Aloha, from somewhere over the Pacific. As I prepare to re-enter the contiguous 48 for the second time this month, I can finally begin to see the light at the end of a particularly nasty tunnel of production – one that has succeeded in kicking my butt harder and more consistently than any of its predecessors. Not that I’m complaining, but this last week in Hawaii has confirmed once again that hard work and paradise seem perfectly willing to share the same lanai.

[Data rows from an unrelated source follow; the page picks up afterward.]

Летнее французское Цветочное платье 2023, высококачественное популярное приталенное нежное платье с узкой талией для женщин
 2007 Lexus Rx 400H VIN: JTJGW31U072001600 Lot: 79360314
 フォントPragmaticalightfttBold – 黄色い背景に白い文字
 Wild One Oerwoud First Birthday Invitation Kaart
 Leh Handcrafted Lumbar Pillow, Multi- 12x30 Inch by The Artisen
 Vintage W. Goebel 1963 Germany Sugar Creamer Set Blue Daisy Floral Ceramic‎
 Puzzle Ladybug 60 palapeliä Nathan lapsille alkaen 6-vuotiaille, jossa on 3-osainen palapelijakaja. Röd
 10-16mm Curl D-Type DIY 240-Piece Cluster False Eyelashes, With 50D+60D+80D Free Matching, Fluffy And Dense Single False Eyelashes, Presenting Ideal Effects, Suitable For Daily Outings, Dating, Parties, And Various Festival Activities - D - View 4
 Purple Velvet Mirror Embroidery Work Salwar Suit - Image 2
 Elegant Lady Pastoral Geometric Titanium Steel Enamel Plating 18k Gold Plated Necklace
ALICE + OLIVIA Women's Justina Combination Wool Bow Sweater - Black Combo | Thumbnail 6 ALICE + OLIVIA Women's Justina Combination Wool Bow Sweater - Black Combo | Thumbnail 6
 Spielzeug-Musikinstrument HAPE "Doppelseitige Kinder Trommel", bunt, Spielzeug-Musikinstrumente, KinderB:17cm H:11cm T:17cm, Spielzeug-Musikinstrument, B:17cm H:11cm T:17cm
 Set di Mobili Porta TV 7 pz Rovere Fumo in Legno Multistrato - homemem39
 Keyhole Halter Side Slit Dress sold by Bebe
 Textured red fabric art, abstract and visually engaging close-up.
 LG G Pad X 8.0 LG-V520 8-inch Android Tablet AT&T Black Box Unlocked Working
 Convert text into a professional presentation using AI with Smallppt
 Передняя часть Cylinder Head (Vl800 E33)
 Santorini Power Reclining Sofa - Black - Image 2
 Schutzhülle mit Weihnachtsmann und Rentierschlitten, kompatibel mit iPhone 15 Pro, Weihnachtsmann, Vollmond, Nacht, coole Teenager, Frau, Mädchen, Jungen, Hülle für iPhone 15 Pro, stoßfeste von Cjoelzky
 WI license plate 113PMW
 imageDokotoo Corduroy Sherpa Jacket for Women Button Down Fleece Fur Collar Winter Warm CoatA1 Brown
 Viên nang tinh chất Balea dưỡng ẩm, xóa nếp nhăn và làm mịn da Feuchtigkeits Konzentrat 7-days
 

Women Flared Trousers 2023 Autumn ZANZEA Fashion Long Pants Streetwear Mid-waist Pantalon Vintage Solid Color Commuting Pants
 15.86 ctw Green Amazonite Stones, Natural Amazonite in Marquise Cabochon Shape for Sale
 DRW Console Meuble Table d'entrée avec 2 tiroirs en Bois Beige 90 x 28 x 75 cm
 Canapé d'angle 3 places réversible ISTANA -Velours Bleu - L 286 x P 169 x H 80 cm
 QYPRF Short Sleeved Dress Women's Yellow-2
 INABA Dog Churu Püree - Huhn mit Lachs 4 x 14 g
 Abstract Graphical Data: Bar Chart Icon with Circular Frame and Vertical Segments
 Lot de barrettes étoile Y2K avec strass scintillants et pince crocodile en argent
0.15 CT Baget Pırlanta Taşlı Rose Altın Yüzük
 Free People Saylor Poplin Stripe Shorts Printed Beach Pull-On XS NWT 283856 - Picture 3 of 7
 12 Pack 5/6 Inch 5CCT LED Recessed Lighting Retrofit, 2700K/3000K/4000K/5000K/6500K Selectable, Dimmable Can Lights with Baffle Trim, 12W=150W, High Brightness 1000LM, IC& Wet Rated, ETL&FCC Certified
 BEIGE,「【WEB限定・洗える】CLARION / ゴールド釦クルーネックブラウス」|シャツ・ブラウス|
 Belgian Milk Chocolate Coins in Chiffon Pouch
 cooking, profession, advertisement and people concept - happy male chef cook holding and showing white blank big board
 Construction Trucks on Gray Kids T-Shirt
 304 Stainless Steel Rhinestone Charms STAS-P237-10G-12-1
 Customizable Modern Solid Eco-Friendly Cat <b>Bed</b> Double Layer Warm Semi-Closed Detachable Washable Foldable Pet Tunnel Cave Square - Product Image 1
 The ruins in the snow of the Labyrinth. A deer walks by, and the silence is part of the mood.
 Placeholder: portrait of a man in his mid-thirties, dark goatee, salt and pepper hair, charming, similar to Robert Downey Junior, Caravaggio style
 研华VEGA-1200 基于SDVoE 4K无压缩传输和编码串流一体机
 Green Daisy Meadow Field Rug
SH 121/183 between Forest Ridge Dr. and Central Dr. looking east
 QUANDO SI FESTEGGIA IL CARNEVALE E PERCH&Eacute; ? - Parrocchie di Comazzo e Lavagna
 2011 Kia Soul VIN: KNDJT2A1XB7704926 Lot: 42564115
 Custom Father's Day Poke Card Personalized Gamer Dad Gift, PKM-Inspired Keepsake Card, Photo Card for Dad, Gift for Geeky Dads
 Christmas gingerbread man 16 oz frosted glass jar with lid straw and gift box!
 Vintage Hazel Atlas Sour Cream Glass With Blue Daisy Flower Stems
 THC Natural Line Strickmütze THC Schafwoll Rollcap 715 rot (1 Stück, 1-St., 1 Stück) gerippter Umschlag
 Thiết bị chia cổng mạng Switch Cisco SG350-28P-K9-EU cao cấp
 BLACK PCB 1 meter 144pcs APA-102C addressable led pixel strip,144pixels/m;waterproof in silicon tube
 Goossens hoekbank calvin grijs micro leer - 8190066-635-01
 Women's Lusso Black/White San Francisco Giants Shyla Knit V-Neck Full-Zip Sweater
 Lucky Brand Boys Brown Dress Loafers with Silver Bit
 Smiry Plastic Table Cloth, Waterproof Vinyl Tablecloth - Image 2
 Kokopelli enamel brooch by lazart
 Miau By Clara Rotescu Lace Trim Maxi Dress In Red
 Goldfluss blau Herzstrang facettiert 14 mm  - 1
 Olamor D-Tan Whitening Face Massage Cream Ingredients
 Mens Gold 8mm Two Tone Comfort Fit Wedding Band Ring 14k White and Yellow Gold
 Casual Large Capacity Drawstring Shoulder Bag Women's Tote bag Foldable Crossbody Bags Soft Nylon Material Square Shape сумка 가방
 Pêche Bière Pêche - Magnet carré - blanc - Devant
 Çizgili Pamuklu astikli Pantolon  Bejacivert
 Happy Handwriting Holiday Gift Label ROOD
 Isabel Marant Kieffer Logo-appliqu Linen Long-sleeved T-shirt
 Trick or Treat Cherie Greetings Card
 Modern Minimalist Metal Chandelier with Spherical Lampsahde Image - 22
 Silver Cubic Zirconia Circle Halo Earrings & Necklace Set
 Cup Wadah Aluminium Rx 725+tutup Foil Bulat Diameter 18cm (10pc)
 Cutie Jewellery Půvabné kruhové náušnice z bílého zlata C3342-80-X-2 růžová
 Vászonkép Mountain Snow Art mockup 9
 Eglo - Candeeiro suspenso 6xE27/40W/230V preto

The boys and I had a jolly time washing windows and making tofu on the main island, along with some misadventures on Kauai later in the week. All good stories, but the one to look for is the window-washing escapade. Without a doubt, the most gut-wrenching high wire act we’ve so far attempted. The men and women who clean the windows at One Waterfront Place on Oahu have no apparent fear of heights, and we were hard-pressed to keep up. It was a combination of the Mackinac Bridge segment and tar rigging on the Star of India. Only this time, I was in a bosons chair for nearly five hours, swinging wildly over Honolulu Harbor with a squeegee, a bucket of suds, and a camera strapped to my head. Crazy. I left it cleaner than I found it, but my underpants are a disaster. Kudos to all concerned, especially Troy and Jones, who went far, far above and beyond the call. The footage is amazing.
But I digress. My purpose in checking in from 37,000 feet is to announce another step forward in our continued trajectory toward a useful and practical website, and to thank you all for making it possible. It’s hard to believe that it’s been nearly a year since I first mouthed off in my dining room about the changing definition of a “good job,” but calendars don’t lie, and neither does video. (If you ever want to make sure you do something you believe is worth doing, make a video of yourself promising to do the thing in question, and post it on a web site. Trust me, it’s a great motivator.)
Now, as we approach another Labor Day, I’m pleased to report that things are progressing pretty much the way I hoped. Thanks to a lot of hard work from some good friends and loyal partners, we continue to fumble forward in the right direction, and I’m really proud of what’s been accomplished so far. I hope you are too.
The latest improvements and changes to the site are fairly self-evident…poke around and let us know what you think. But remember, the work is never finished, and even though we’ve been referring to this day as the “hard launch,” I must confess that I’m not entirely sure what that means. mrW will continue to evolve, and many more changes are on the horizon.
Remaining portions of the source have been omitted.